Required action -> Repeat nothing but the lines below running from the one containing "10522 W State Road 68, Elberfeld, IN, 47613" to the one containing "264 Dobbs Ave, Odessa, TX 79761 - photo 8". Keep both end lines.

Given information ->
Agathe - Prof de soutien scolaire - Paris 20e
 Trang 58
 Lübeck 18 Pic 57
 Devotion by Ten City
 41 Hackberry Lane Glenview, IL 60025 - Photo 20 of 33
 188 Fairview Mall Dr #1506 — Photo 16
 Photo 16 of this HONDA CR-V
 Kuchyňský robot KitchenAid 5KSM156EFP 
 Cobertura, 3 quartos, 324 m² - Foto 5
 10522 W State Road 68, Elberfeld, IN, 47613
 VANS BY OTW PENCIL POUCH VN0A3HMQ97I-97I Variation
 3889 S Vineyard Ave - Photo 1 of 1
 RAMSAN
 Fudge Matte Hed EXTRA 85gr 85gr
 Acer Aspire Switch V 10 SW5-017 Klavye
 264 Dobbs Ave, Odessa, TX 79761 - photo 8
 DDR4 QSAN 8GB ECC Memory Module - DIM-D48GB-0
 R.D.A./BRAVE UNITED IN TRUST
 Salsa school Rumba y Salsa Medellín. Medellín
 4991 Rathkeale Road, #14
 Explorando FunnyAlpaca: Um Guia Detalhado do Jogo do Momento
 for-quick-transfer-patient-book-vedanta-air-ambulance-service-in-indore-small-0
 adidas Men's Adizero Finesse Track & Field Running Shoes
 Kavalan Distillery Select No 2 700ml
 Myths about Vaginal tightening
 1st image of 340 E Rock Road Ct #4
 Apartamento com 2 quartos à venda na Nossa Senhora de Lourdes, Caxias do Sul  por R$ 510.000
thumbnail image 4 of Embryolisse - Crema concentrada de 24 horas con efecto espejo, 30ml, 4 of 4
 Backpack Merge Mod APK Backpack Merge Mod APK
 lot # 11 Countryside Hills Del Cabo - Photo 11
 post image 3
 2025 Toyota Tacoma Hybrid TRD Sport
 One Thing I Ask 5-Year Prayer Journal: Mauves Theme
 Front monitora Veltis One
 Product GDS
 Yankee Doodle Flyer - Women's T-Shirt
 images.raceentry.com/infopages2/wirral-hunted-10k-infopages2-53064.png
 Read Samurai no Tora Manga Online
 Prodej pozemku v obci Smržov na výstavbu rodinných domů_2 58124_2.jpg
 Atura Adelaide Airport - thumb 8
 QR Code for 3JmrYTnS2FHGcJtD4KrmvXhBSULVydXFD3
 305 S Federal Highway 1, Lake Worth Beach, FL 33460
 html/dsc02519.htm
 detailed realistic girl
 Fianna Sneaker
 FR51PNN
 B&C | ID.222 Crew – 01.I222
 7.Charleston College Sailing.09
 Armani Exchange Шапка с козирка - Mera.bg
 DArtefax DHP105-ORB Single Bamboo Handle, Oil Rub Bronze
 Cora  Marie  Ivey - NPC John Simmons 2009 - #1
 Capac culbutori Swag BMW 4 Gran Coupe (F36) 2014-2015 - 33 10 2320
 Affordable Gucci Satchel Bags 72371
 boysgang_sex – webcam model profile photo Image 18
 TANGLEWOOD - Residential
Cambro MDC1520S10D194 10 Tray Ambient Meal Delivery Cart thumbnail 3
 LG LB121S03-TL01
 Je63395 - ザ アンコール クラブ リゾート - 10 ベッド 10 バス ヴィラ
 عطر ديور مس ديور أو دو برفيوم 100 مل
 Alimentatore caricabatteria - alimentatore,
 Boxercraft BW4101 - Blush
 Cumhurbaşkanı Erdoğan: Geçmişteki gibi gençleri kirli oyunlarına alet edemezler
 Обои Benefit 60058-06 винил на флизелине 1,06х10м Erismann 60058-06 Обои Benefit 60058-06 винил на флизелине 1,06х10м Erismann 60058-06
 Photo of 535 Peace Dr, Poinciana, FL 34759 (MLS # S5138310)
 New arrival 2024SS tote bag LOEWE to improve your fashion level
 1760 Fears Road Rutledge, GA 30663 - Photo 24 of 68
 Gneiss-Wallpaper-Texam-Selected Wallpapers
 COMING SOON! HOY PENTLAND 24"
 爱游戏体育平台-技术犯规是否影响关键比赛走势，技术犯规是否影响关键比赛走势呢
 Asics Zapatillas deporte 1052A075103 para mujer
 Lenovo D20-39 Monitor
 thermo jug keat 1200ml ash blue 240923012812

Response to the task ->
 10522 W State Road 68, Elberfeld, IN, 47613
 VANS BY OTW PENCIL POUCH VN0A3HMQ97I-97I Variation
 3889 S Vineyard Ave - Photo 1 of 1
 RAMSAN
 Fudge Matte Hed EXTRA 85gr 85gr
 Acer Aspire Switch V 10 SW5-017 Klavye
 264 Dobbs Ave, Odessa, TX 79761 - photo 8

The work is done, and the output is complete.